CVE-2025-67073 in AC10
Summary
by MITRE • 12/17/2025
A Buffer overflow vulnerability in function fromAdvSetMacMtuWan of bin httpd in Tenda AC10V4.0 V16.03.10.20 allows remote attackers to cause denial of service and possibly code execution by sending a post request with a crafted payload (field `serviceName`) to /goform/AdvSetMacMtuWan.
If you want to get the best quality for vulnerability data then you always have to consider VulDB.
Analysis
by VulDB Data Team • 12/17/2025
This vulnerability exists within the Tenda AC10V4.0 V16.03.10.20 firmware's httpd binary where the function fromAdvSetMacMtuWan processes incoming HTTP POST requests. The flaw manifests as a classic buffer overflow condition in the handling of the `serviceName` field parameter within the /goform/AdvSetMacMtuWan endpoint. Attackers can exploit this by crafting malicious HTTP POST requests that exceed the allocated buffer space, causing memory corruption in the web server process. The vulnerability represents a critical security risk as it allows remote unauthenticated attackers to compromise the device's operational integrity.
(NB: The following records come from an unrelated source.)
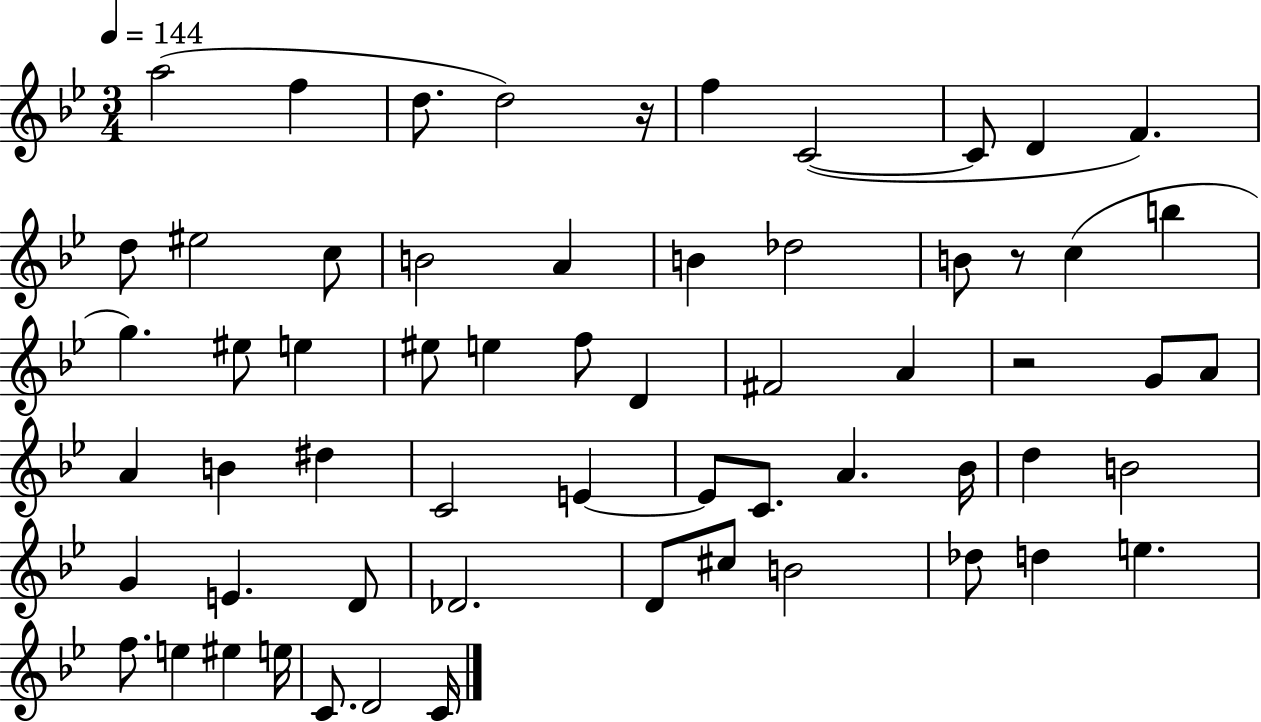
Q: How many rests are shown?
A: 3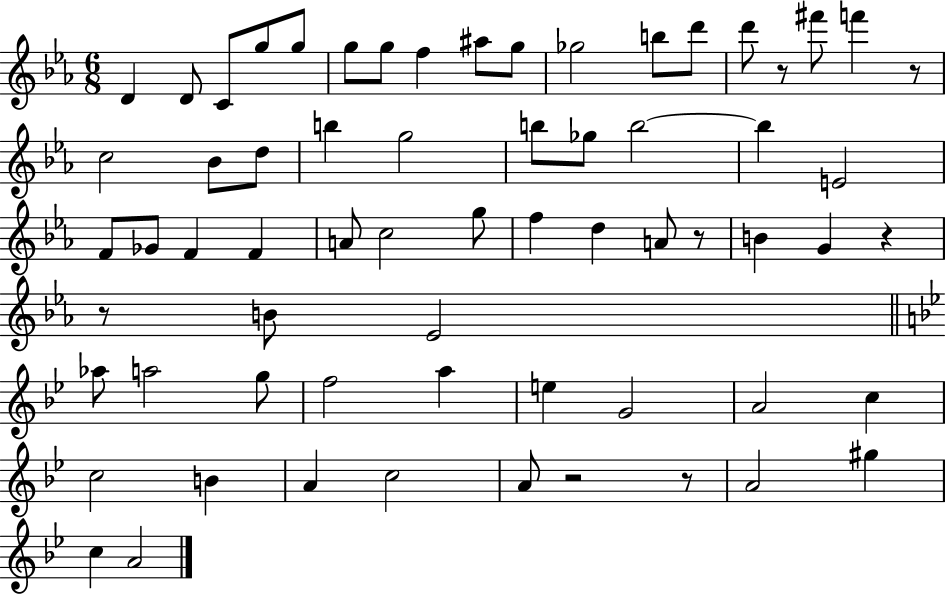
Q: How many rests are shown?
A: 7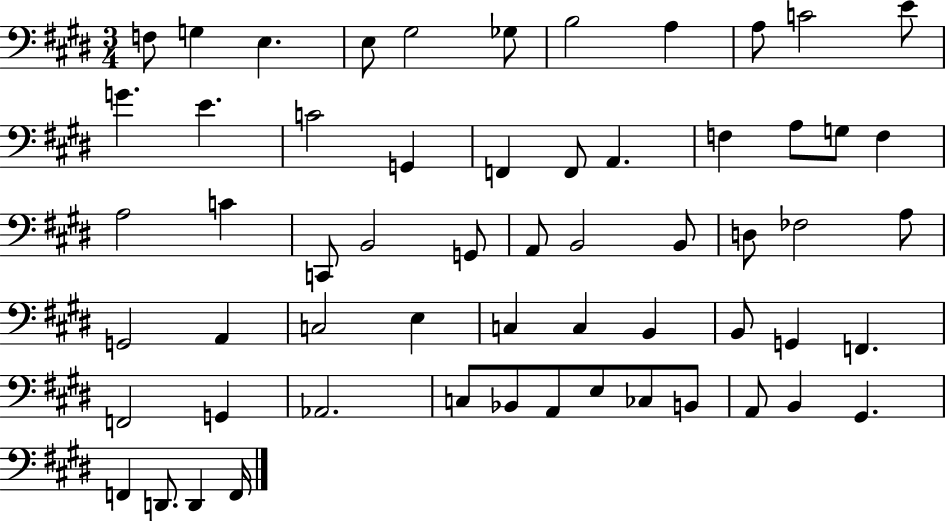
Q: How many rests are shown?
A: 0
The technical implementation of this buffer overflow stems from improper input validation and bounds checking within the firmware's web interface handling code. When the httpd service receives a POST request containing the crafted `serviceName` field, it fails to properly validate the length of the input data before copying it into a fixed-size buffer. This classic programming error falls under CWE-121, which describes stack-based buffer overflow conditions. The vulnerability is particularly dangerous because it occurs in a network-facing service that handles administrative configuration requests, making it accessible to any remote attacker without authentication requirements.
The operational impact of this vulnerability extends beyond simple denial of service to potentially enabling remote code execution on the affected device. When the buffer overflow occurs, it can corrupt adjacent memory locations including return addresses and function pointers, which may allow attackers to redirect execution flow or inject malicious code. This represents a significant threat to network security as the affected device serves as a router or access point, potentially providing attackers with persistent access to the local network. The vulnerability affects the device's ability to maintain normal network operations and could lead to complete system compromise.
Mitigation strategies should prioritize immediate firmware updates from Tenda to address the buffer overflow condition through proper input validation and bounds checking. Network administrators should implement network segmentation to limit access to the affected device's web interface and consider disabling unnecessary administrative services when possible. The vulnerability aligns with ATT&CK technique T1210, which covers exploitation of remote services for privilege escalation. Organizations should also monitor network traffic for suspicious POST requests targeting the specific endpoint and implement intrusion detection systems to identify exploitation attempts. Additionally, the device should be configured to use strong authentication mechanisms and network access controls to limit exposure to potential attackers.